------ Exercise materials

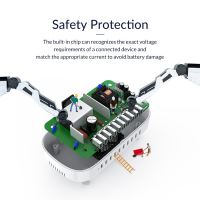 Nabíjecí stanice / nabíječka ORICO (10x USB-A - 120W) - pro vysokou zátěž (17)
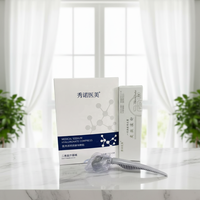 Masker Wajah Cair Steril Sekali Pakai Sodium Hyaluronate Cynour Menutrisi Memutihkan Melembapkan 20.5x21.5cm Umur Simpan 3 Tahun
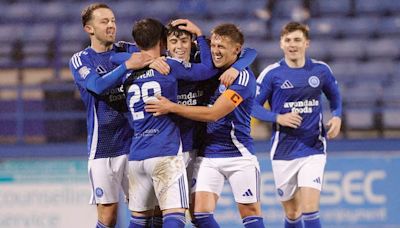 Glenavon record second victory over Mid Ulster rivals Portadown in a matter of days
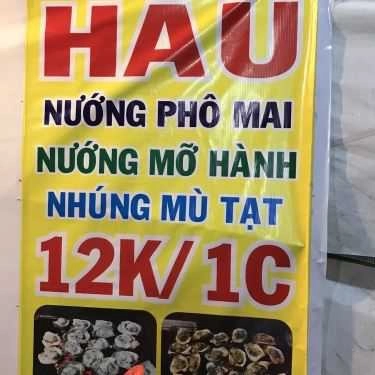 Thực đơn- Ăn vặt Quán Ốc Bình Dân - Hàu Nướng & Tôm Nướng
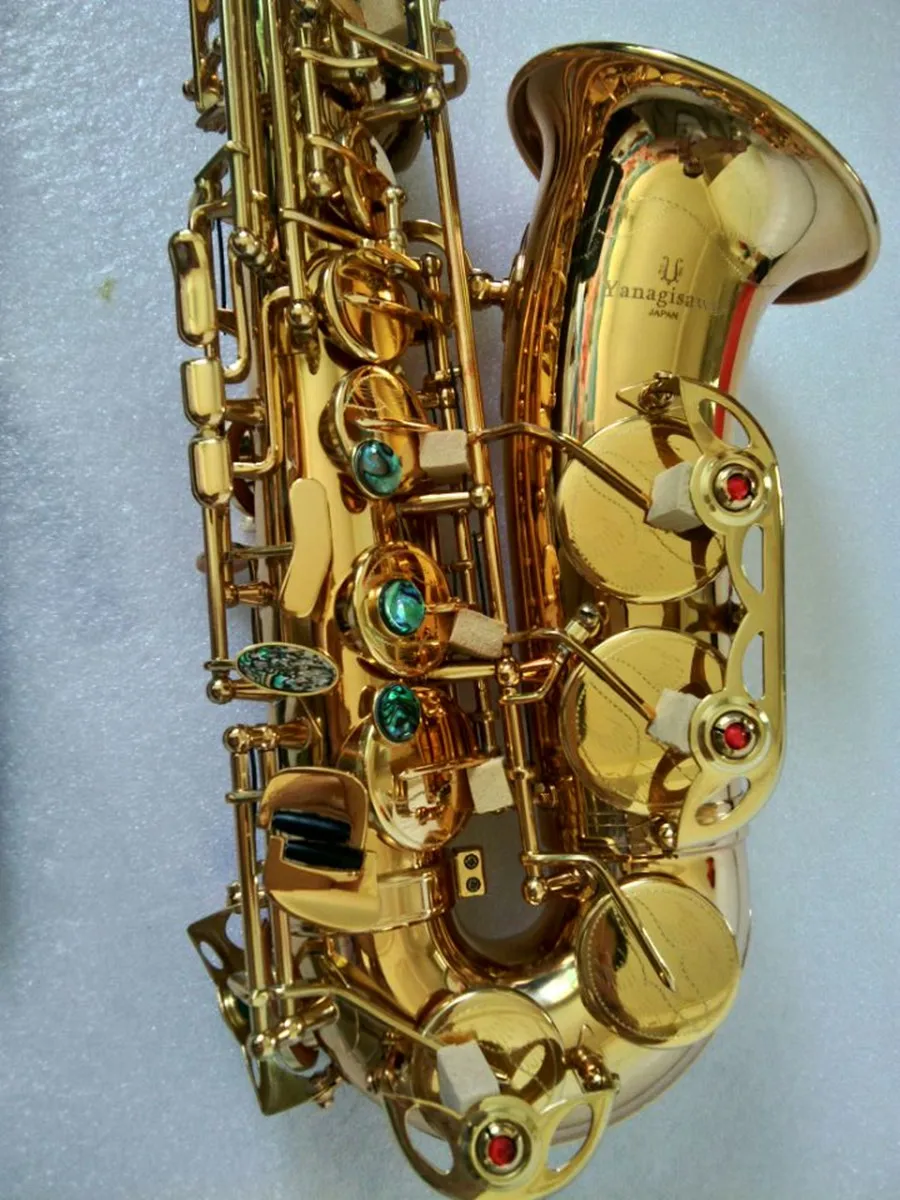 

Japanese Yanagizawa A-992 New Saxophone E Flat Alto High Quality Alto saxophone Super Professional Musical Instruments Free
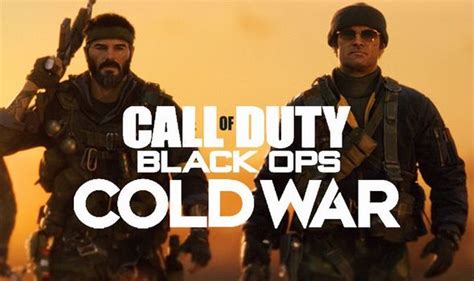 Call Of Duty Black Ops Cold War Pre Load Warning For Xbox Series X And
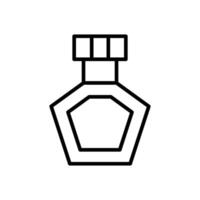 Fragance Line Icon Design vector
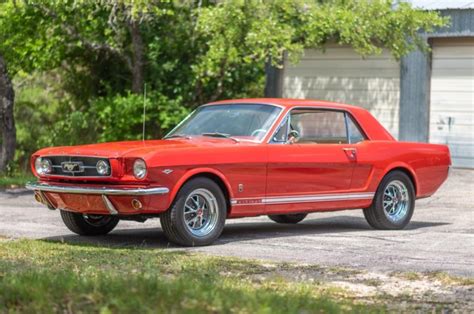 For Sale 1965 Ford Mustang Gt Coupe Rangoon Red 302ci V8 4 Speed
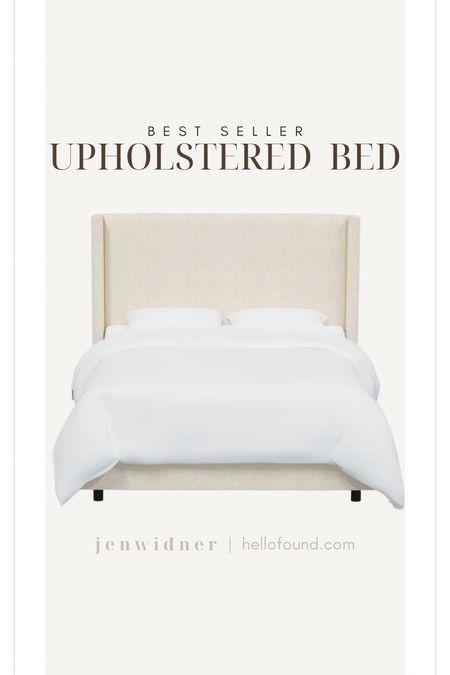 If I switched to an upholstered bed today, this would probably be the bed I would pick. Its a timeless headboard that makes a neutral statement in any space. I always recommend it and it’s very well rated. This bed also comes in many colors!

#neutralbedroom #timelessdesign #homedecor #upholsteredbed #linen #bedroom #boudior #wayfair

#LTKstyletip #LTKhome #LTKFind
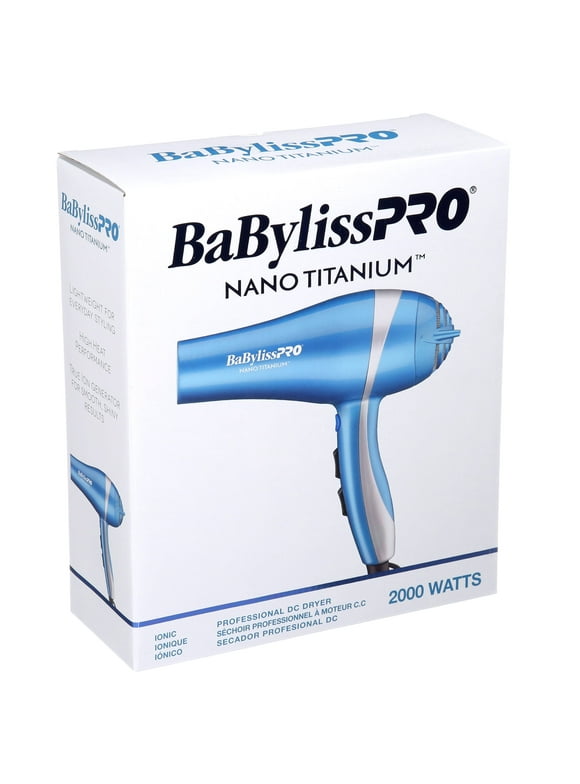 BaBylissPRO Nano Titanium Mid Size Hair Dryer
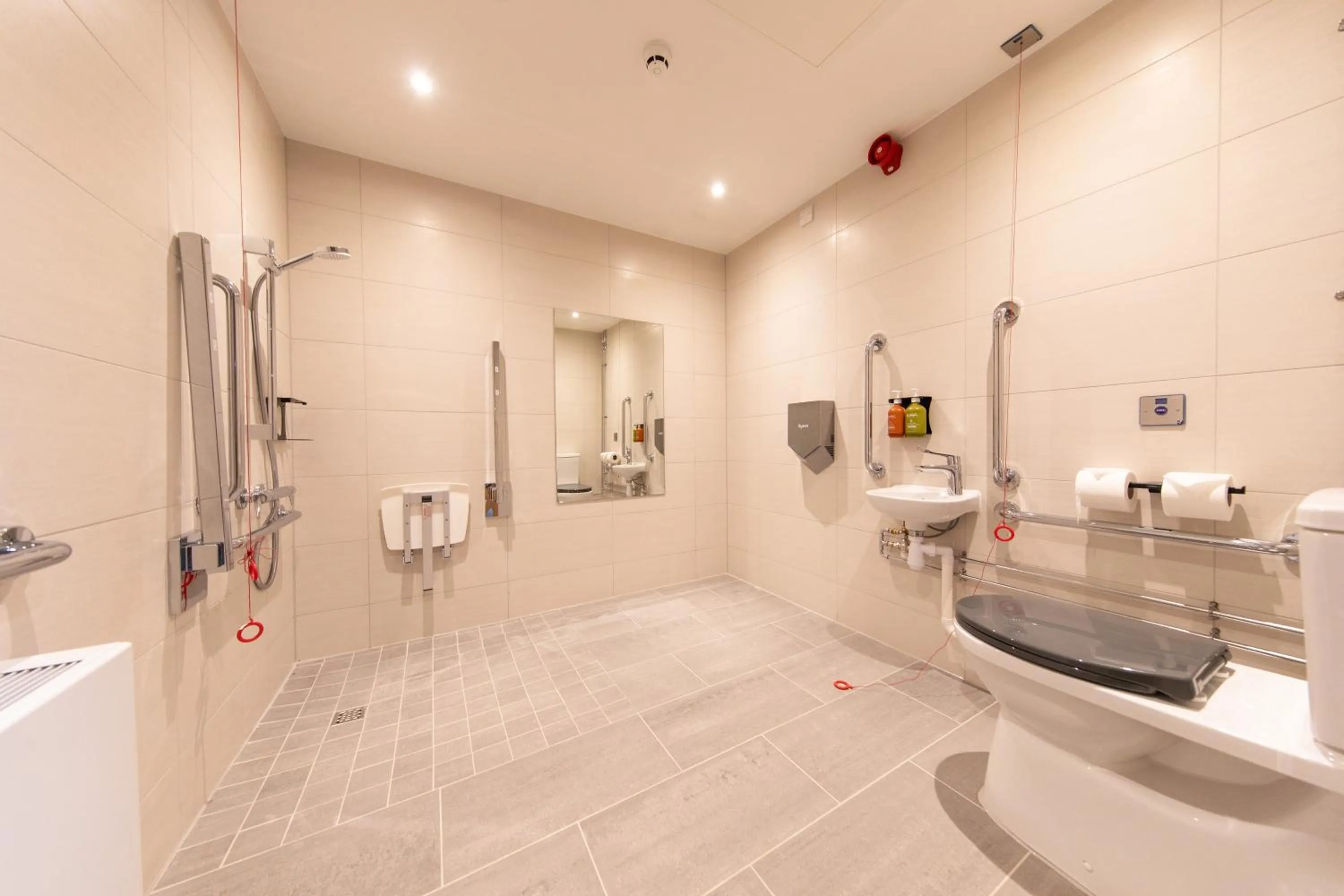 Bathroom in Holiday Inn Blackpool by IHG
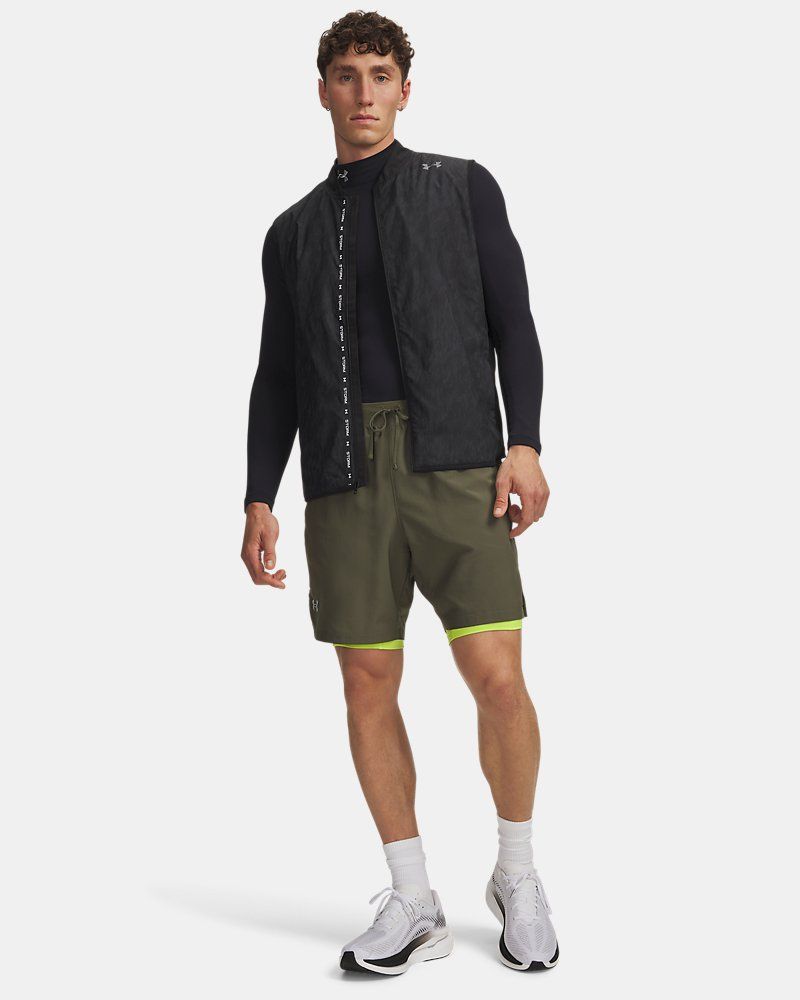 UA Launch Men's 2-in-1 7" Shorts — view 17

------------

= Exercise brief =
Would you restate word for word only the lines from the one containing "Glenavon record second" to the final line of the material, both ends included, without any pictures?

= Answer to this exercise =
 Glenavon record second victory over Mid Ulster rivals Portadown in a matter of days
 Thực đơn- Ăn vặt Quán Ốc Bình Dân - Hàu Nướng & Tôm Nướng

Japanese Yanagizawa A-992 New Saxophone E Flat Alto High Quality Alto saxophone Super Professional Musical Instruments Free
 Call Of Duty Black Ops Cold War Pre Load Warning For Xbox Series X And
 Fragance Line Icon Design vector
 For Sale 1965 Ford Mustang Gt Coupe Rangoon Red 302ci V8 4 Speed
 If I switched to an upholstered bed today, this would probably be the bed I would pick. Its a timeless headboard that makes a neutral statement in any space. I always recommend it and it’s very well rated. This bed also comes in many colors!

#neutralbedroom #timelessdesign #homedecor #upholsteredbed #linen #bedroom #boudior #wayfair

#LTKstyletip #LTKhome #LTKFind
 BaBylissPRO Nano Titanium Mid Size Hair Dryer
 Bathroom in Holiday Inn Blackpool by IHG
 UA Launch Men's 2-in-1 7" Shorts — view 17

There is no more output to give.